======== DATA FOR THE TASK ========

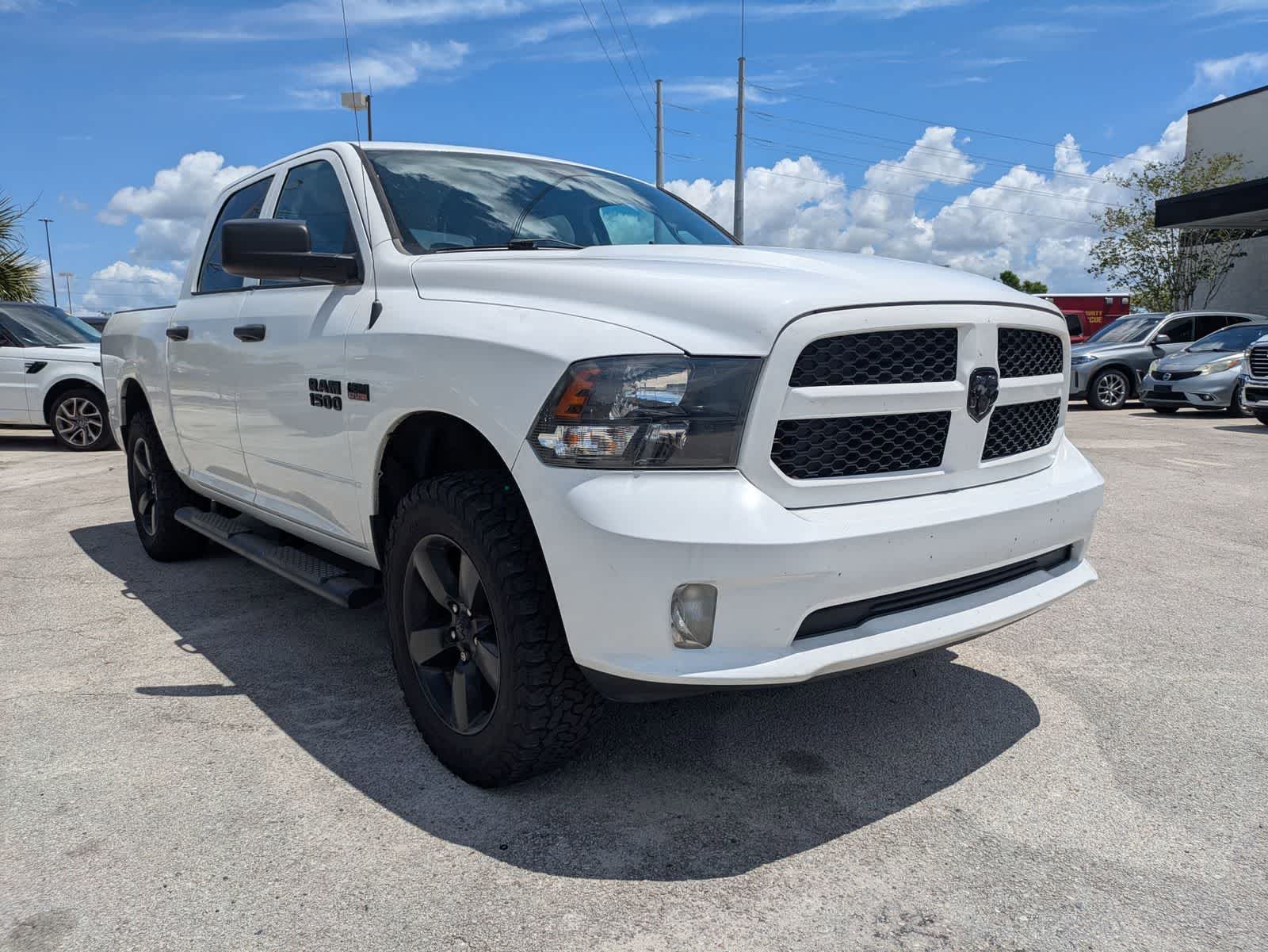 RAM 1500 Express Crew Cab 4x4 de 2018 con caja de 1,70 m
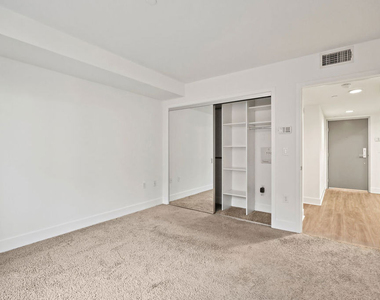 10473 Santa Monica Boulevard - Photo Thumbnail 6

========
======== DATA FOR THE TASK ========

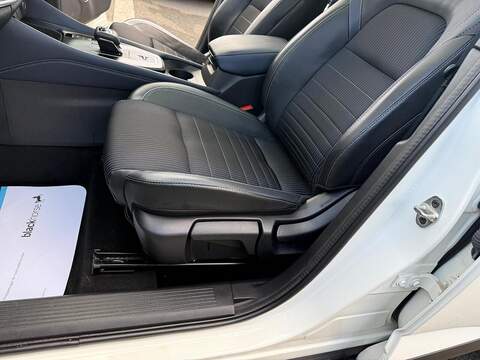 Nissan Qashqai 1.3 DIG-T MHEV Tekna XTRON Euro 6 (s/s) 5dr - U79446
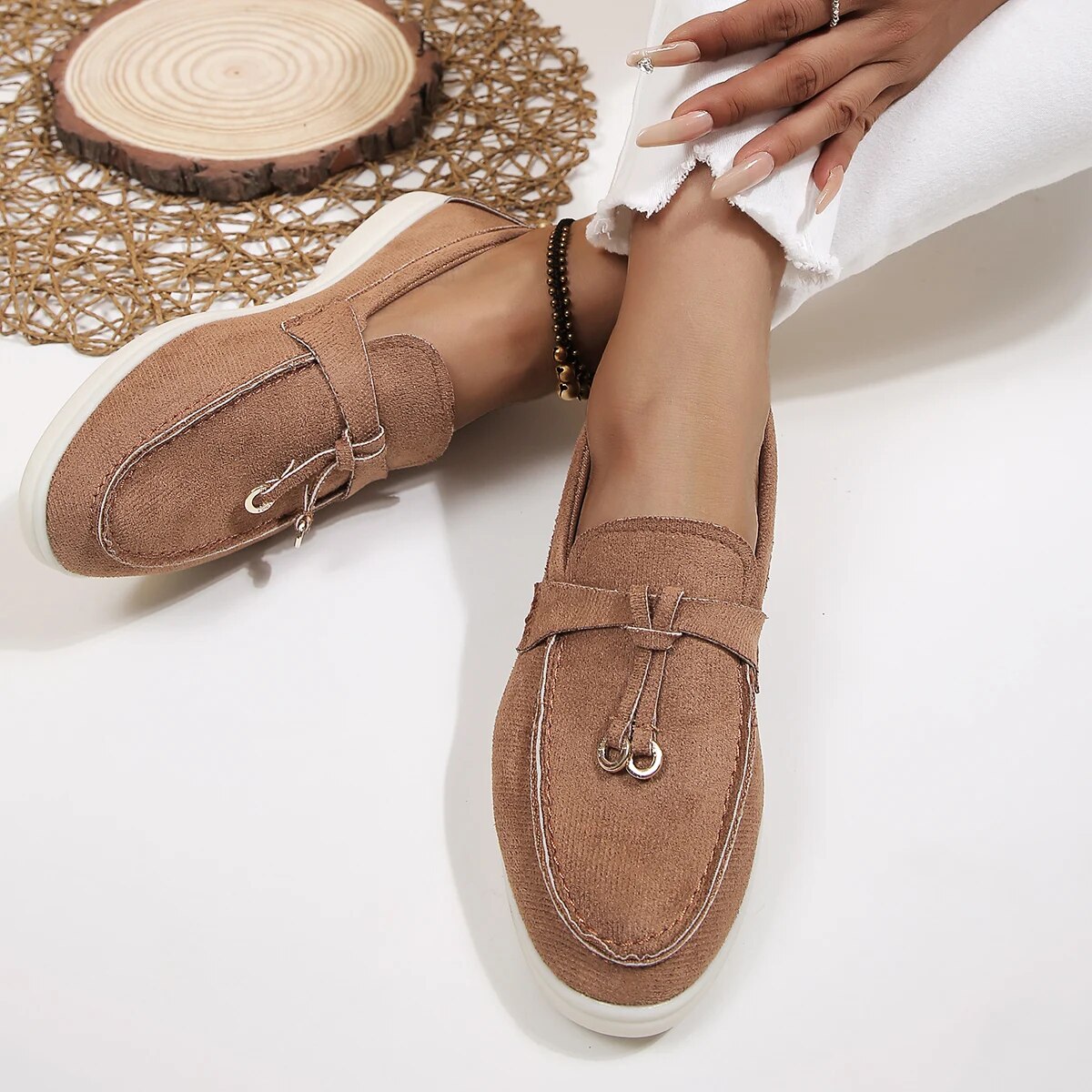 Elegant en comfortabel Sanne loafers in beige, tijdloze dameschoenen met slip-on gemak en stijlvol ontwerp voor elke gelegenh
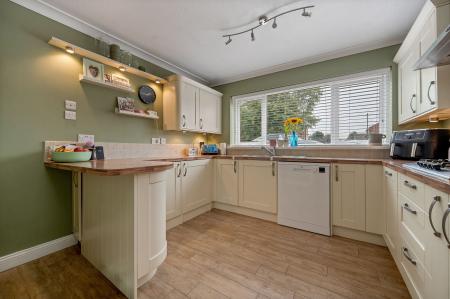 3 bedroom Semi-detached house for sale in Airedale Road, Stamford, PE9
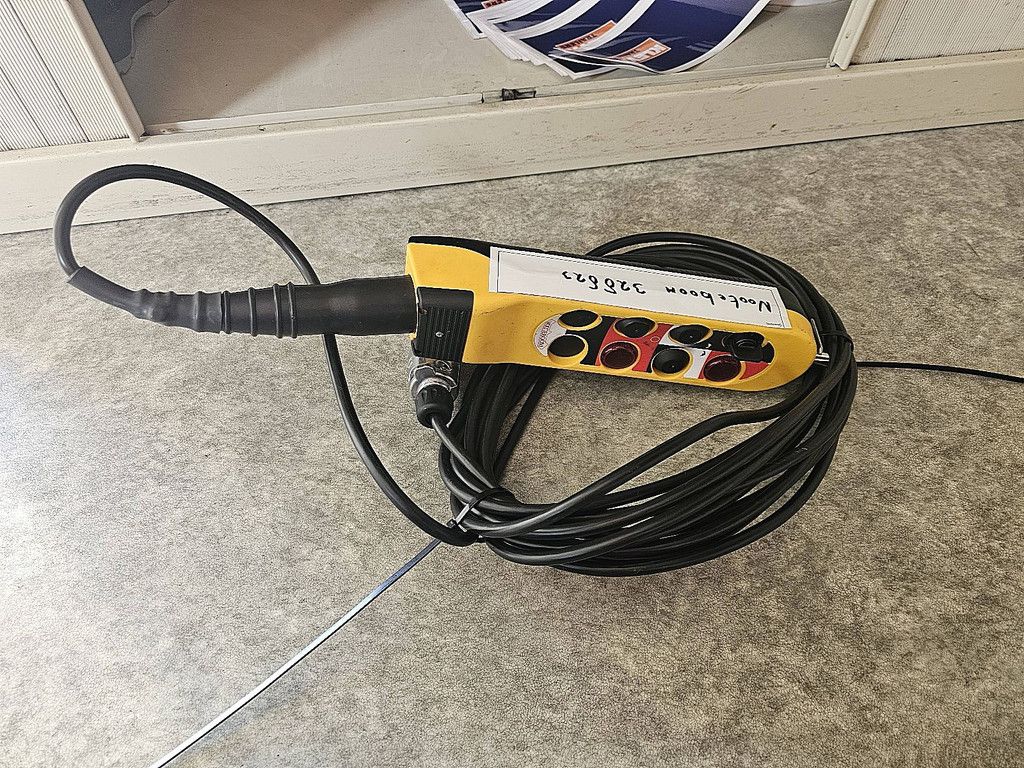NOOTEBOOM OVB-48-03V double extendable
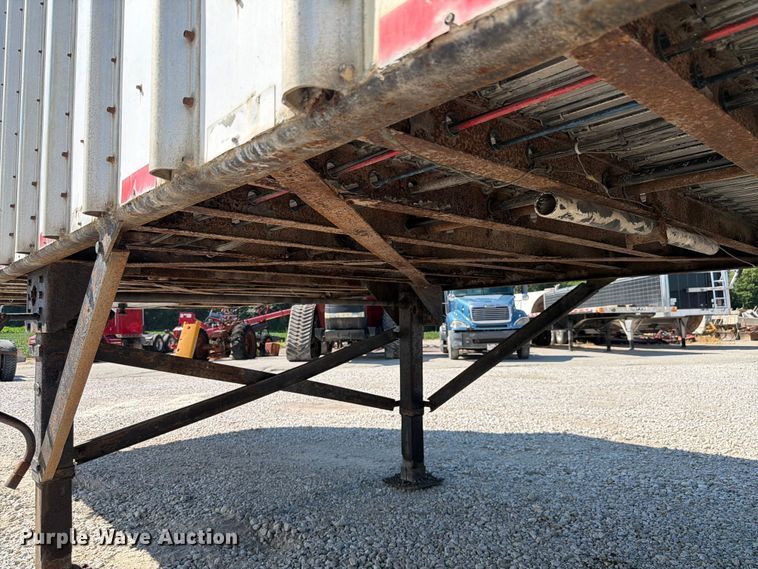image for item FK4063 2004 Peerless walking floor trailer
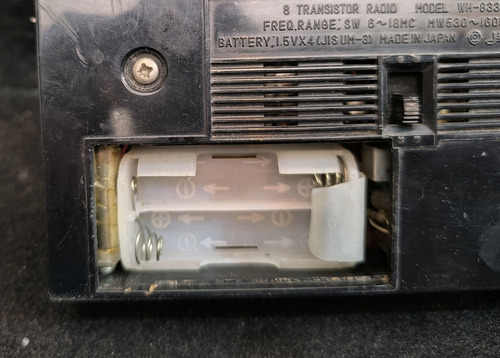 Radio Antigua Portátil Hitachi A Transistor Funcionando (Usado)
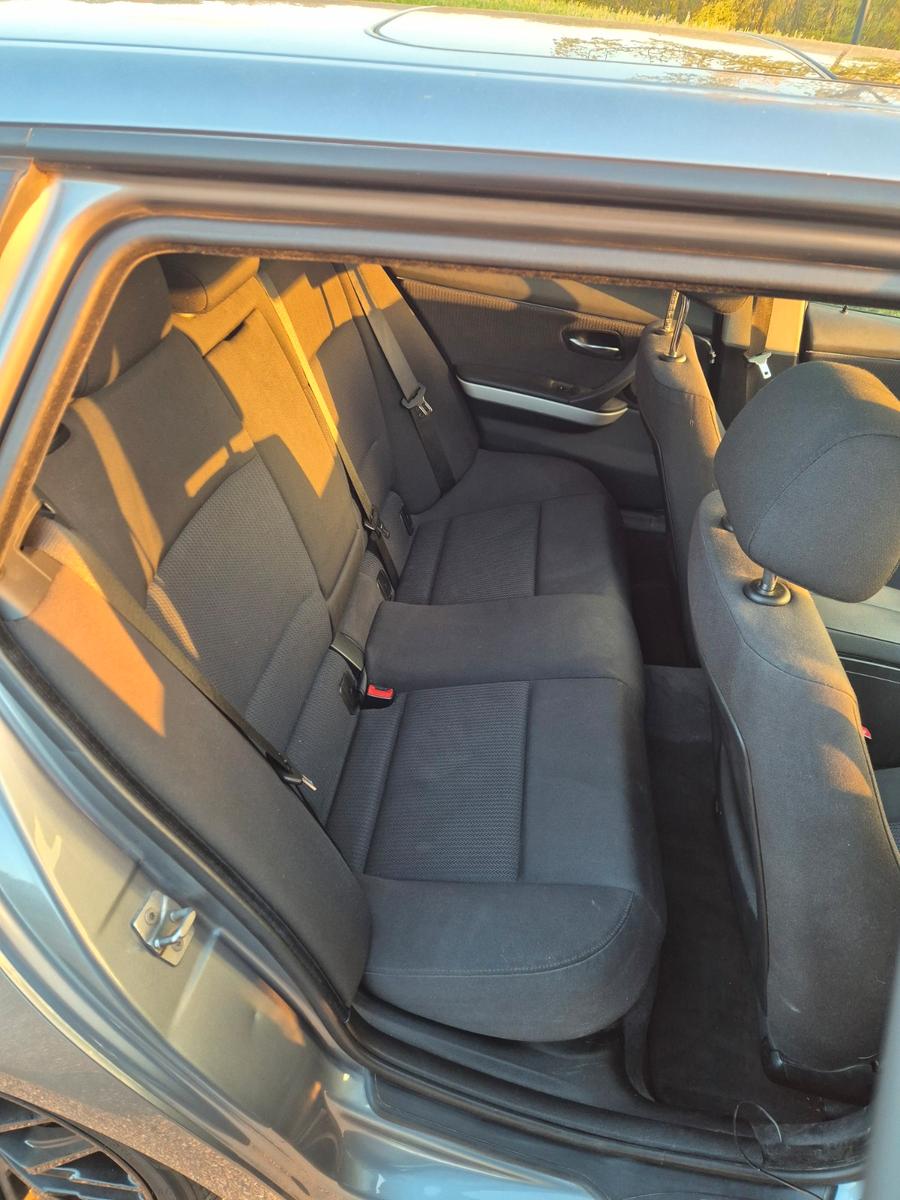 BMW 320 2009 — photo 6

========

ACTIVITY:
Using the listing above, restate exactly the range between the lines holding "RAM 1500 Express" and "10473 Santa Monica", inclusive, with pictures left out.

RESPONSE AREA:
 RAM 1500 Express Crew Cab 4x4 de 2018 con caja de 1,70 m
 10473 Santa Monica Boulevard - Photo Thumbnail 6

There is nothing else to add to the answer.